現在の日本では、成人とは「20歳」になることで、法的に「なる」ことができます。しかし私たちは、時が経てば、自然に大人になるとは考えていません。かつての日本やいくつかの国にあるように、大人で「ある」ことには、なんらかの「通過儀礼」が必要であるとも考えます。
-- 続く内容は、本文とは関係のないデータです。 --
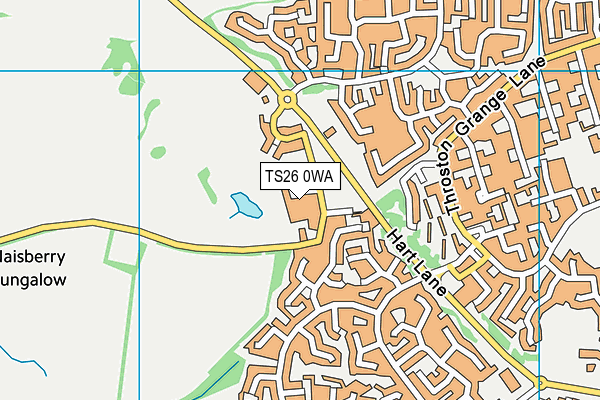 TS26 0WA map - OS VectorMap District (Ordnance Survey) TS26 0WA map - OS VectorMap District (Ordnance Survey)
多くの若者は自ずと通過しているのかもしれませんが、発達の問題を抱えた彼女彼らだからこそ、20年間の過去をしっかり消化し、新しい大人の「夢」をもつ通過点が必要だと思うのです。

それが成人の決意」のスピーチです。

ですから、私たちは、かつて20歳の時の成人式に、しっかりお祝いできなかった若者にも再度、スピーチを書いてもらい、翔和でお祝いする機会を提供します。

年齢で祝うのではありません。

成人式の参加者は、21歳の学生もいれば、これまでには30歳を過ぎて、翔和の成人式でお祝いをした人もいます。

発達がそうであるように、成人になるしかるべきタイミングがあります。
敢えて、1年、2年遅らせて「成人」になることもあるでしょう。

ただ一つ課されること、それがスピーチです。

大人になるためには、乗り越えていかなければならないことがある、それを意識しながらスピーチに向き合ってもらっています。